» ACTIVITY:
Reproduce the listing below word for word, with no pictures.

» RECORDS SUPPLIED:

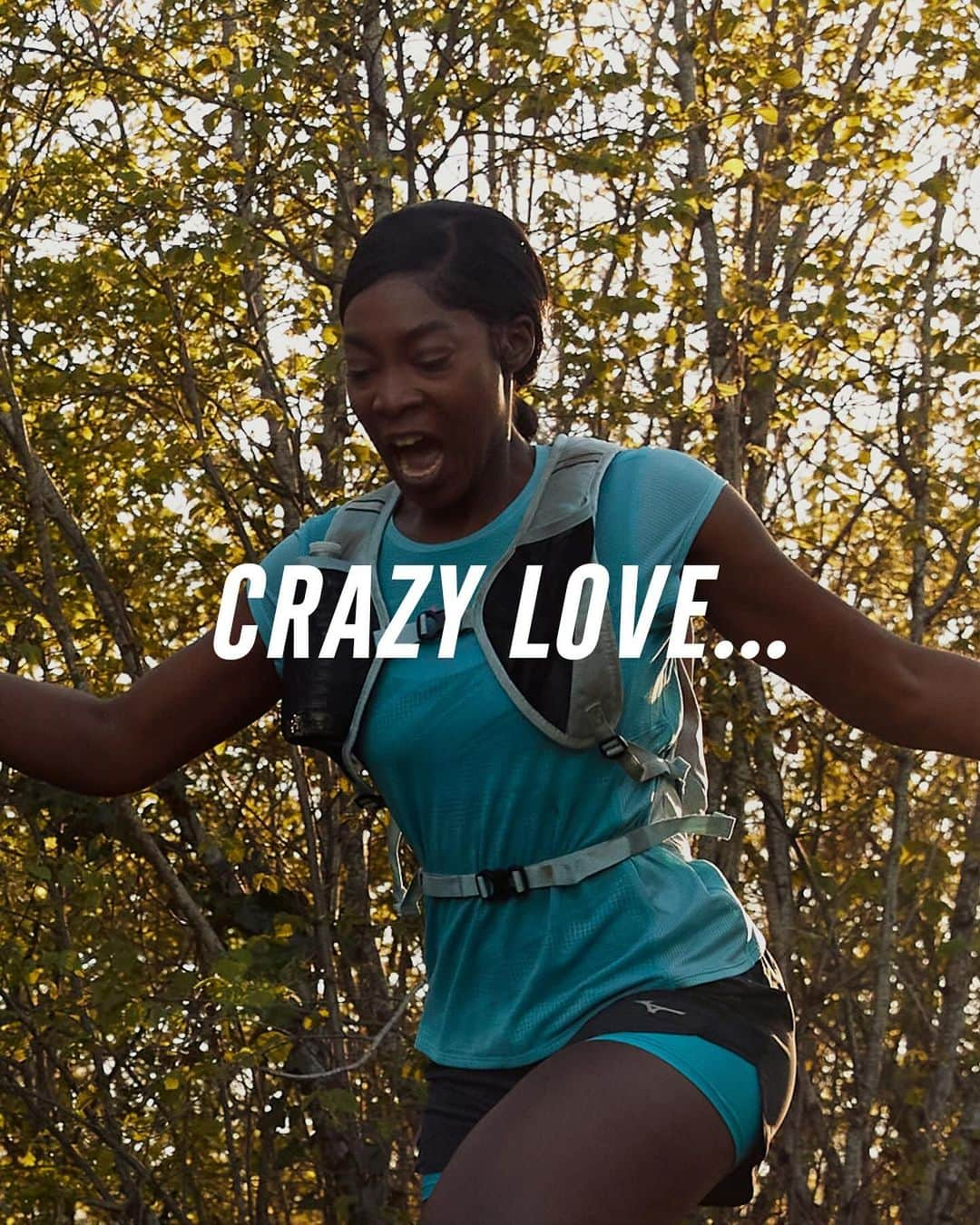 MizunoRunningのインスタグラム：「Crazy love can get a little messy. But that’s what our trail running shoes are for. When you’re leaping into the unknown, we’ve got you covered.   #MizunoCrazyLove #reachbeyond」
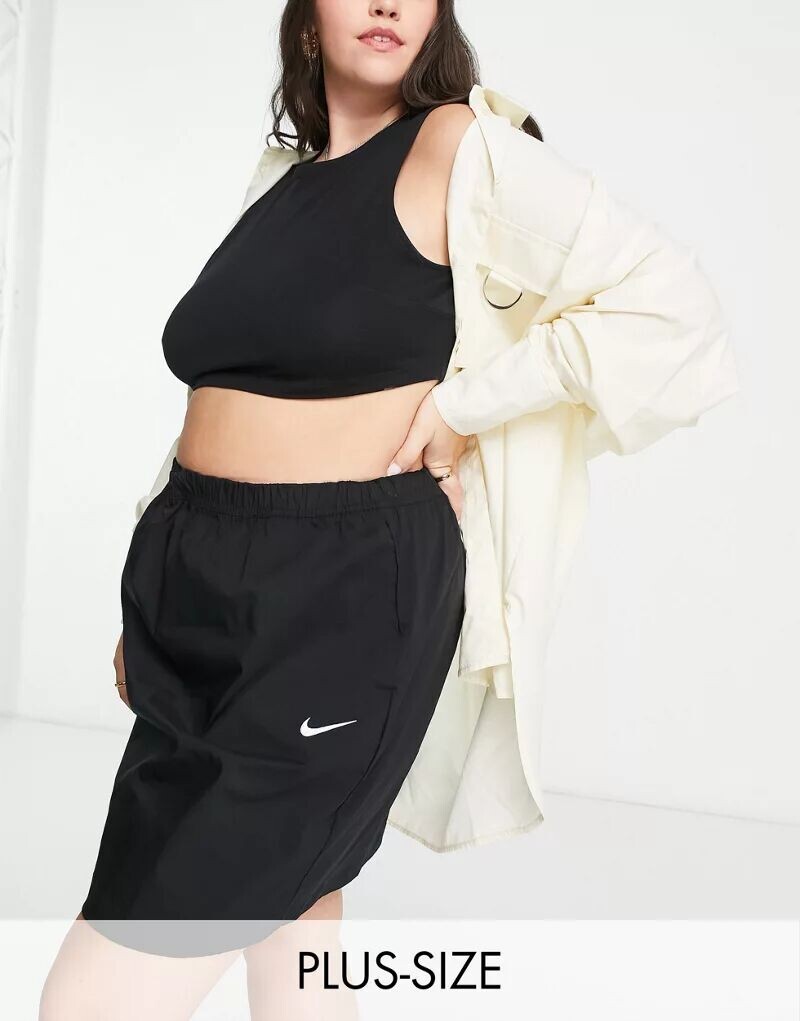 

Черная базовая юбка с завышенной талией Nike Plus
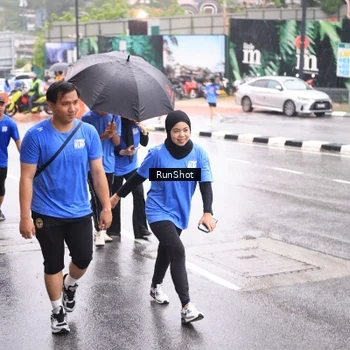 Runner Photo 7935762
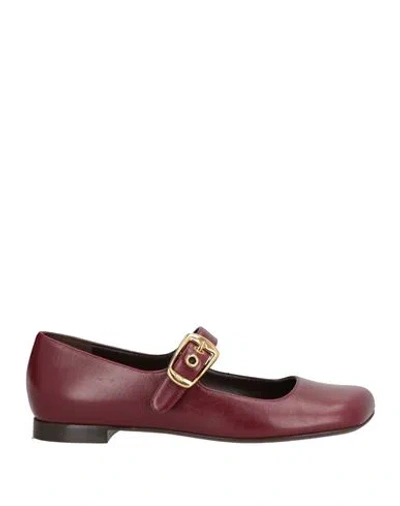 Chloé Woman Ballet Flats Burgundy Size 8 Leather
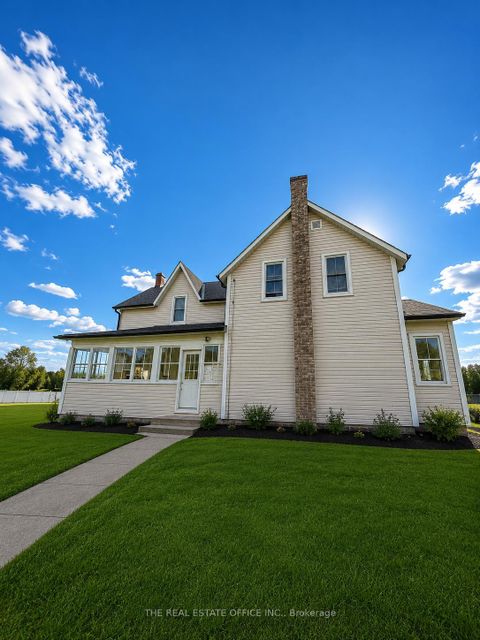 Photo 4 at 43 Clovelly Cove Road, Pefferlaw, Georgina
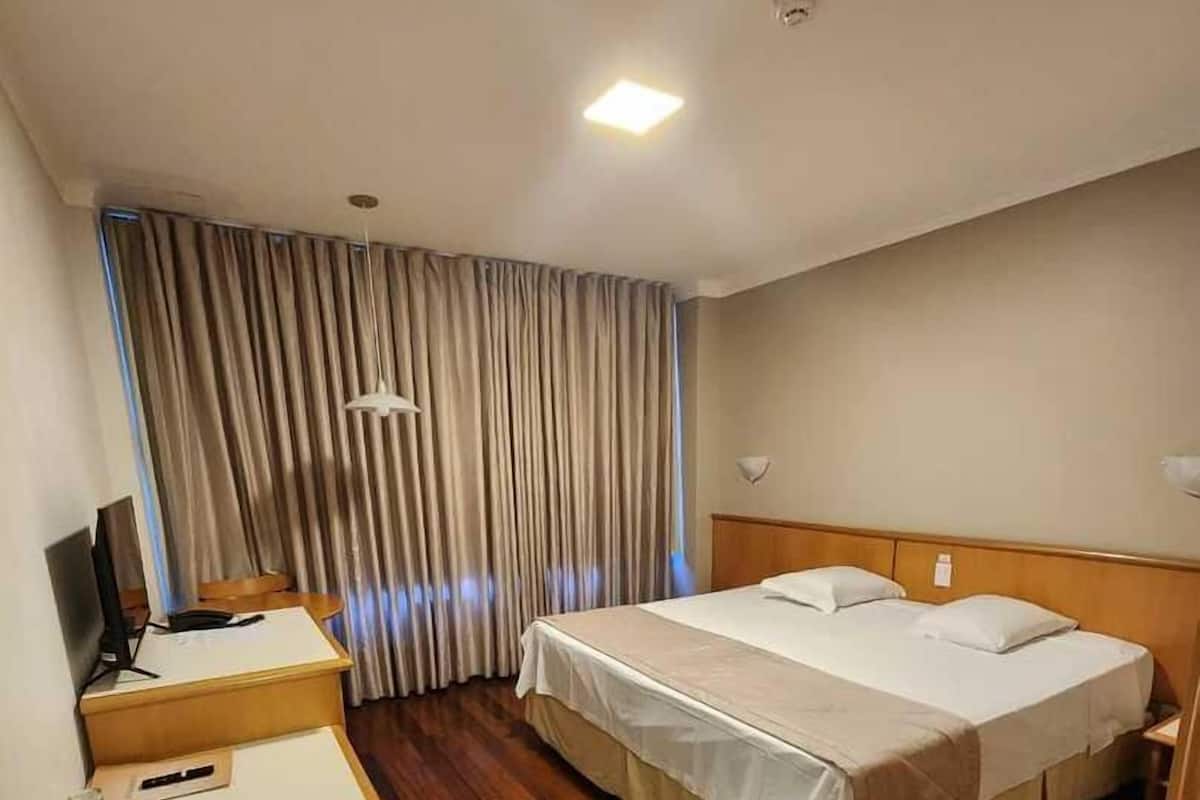 Minibar, una cassaforte in camera, ferro/asse da stiro, Wi-Fi gratuito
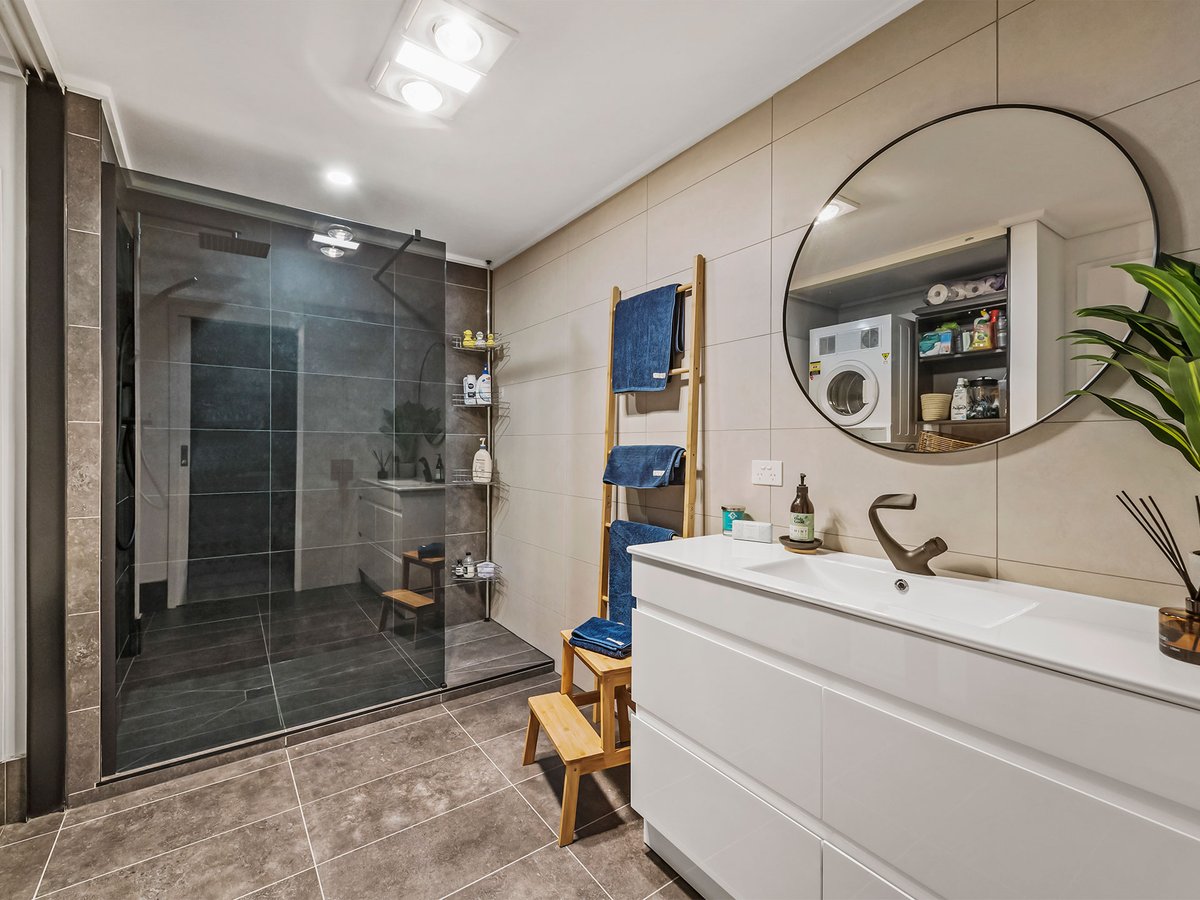 112 / 23 Queens Road MELBOURNE - Residential for sale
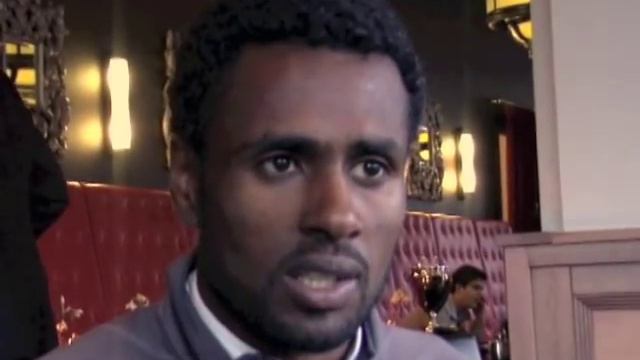 Sileshi Sihine wins 15k in Zevenheuvelenloop Nijmegen, interview & race footage смотреть онлайн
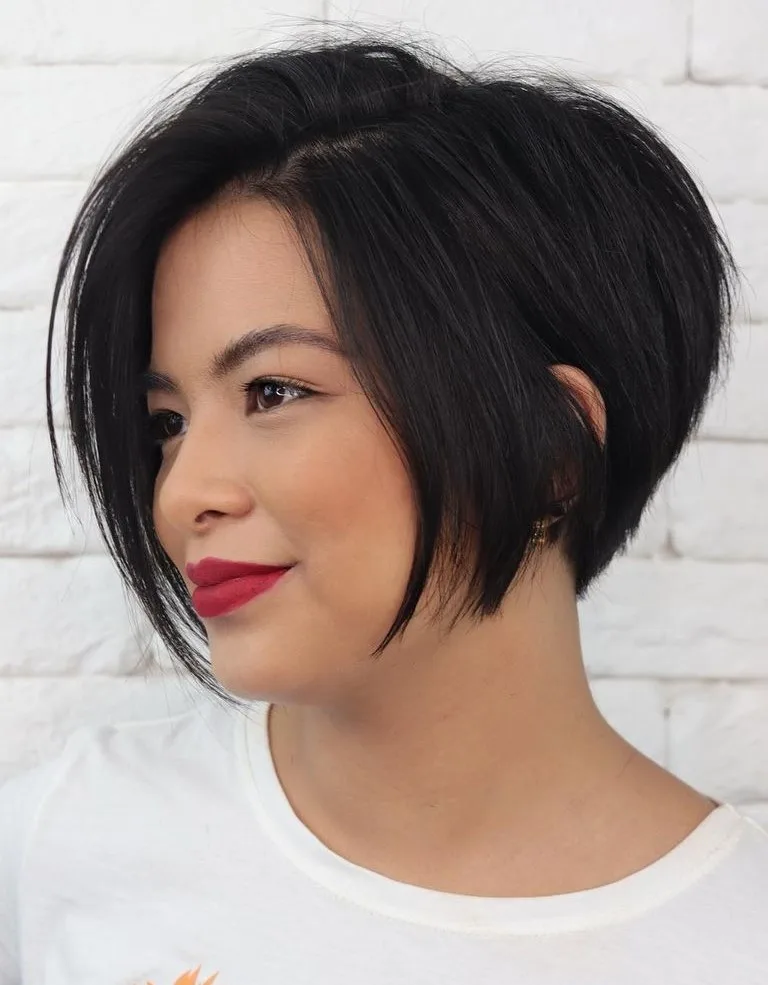 Femme aux cheveux lisses avec un carré court asymétrique noir, de face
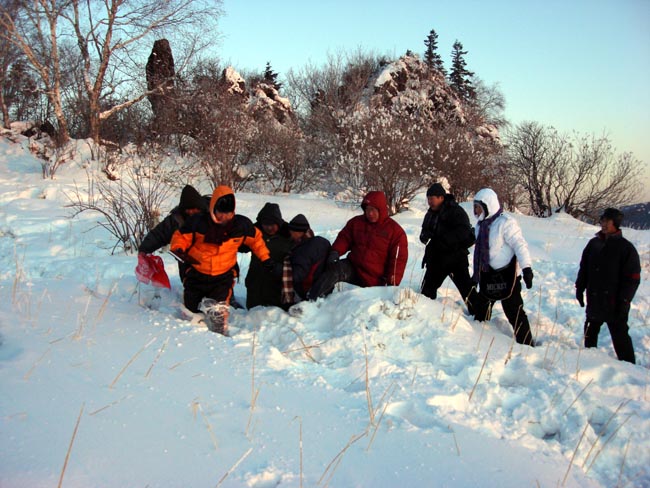 2008年1月于志学率弟子在黑龙江雪乡写生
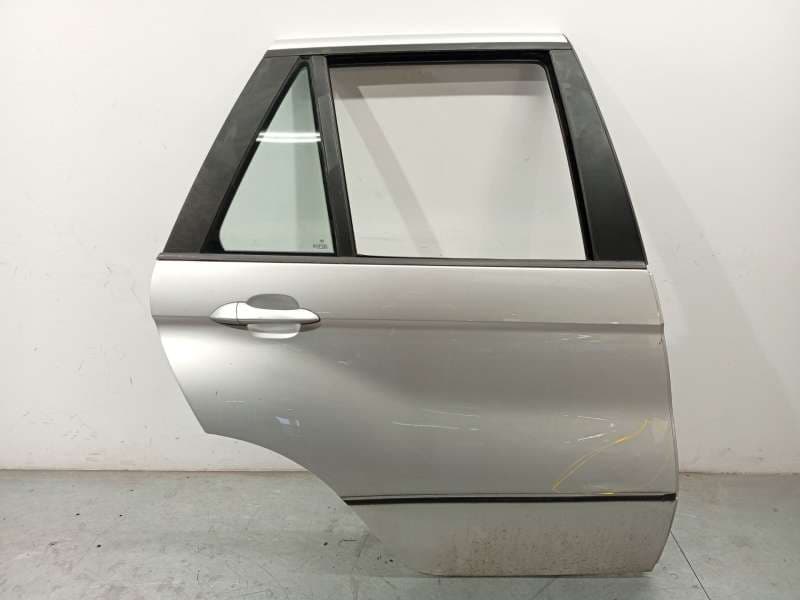 Recambio de puerta trasera derecha para bmw x5 (e53) 3.0 i referencia OEM IAM 41528256828 - Plata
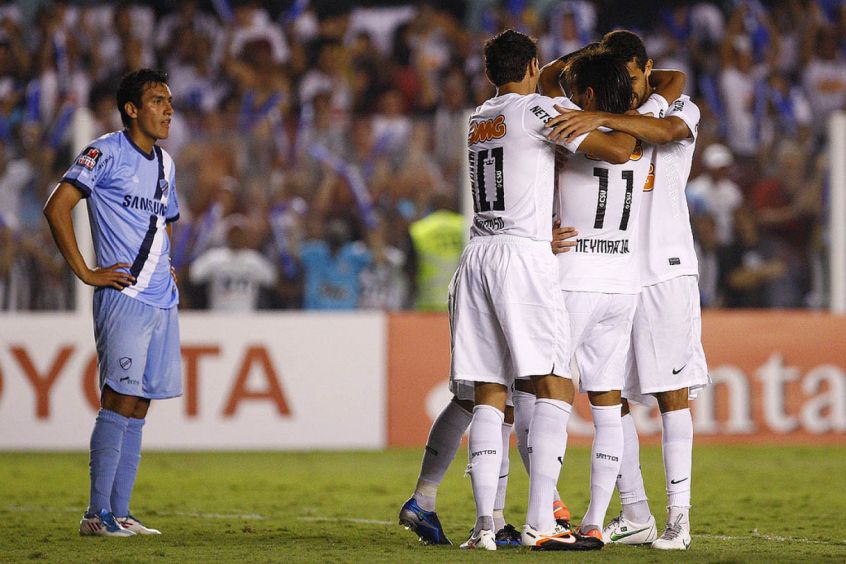 O Santos de 2012 ficou conhecido pelas grandes exibições. A equipe de Neymar e cia. venceu o Bolívar, da Bolívia, por 8 a 0 na Vila Belmiro, com show do atacante brasileiro.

» EXERCISE RESULT:
 MizunoRunningのインスタグラム：「Crazy love can get a little messy. But that’s what our trail running shoes are for. When you’re leaping into the unknown, we’ve got you covered.   #MizunoCrazyLove #reachbeyond」

Черная базовая юбка с завышенной талией Nike Plus
 Runner Photo 7935762
 Chloé Woman Ballet Flats Burgundy Size 8 Leather
 Photo 4 at 43 Clovelly Cove Road, Pefferlaw, Georgina
 Minibar, una cassaforte in camera, ferro/asse da stiro, Wi-Fi gratuito
 112 / 23 Queens Road MELBOURNE - Residential for sale
 Sileshi Sihine wins 15k in Zevenheuvelenloop Nijmegen, interview & race footage смотреть онлайн
 Femme aux cheveux lisses avec un carré court asymétrique noir, de face
 2008年1月于志学率弟子在黑龙江雪乡写生
 Recambio de puerta trasera derecha para bmw x5 (e53) 3.0 i referencia OEM IAM 41528256828 - Plata
 O Santos de 2012 ficou conhecido pelas grandes exibições. A equipe de Neymar e cia. venceu o Bolívar, da Bolívia, por 8 a 0 na Vila Belmiro, com show do atacante brasileiro.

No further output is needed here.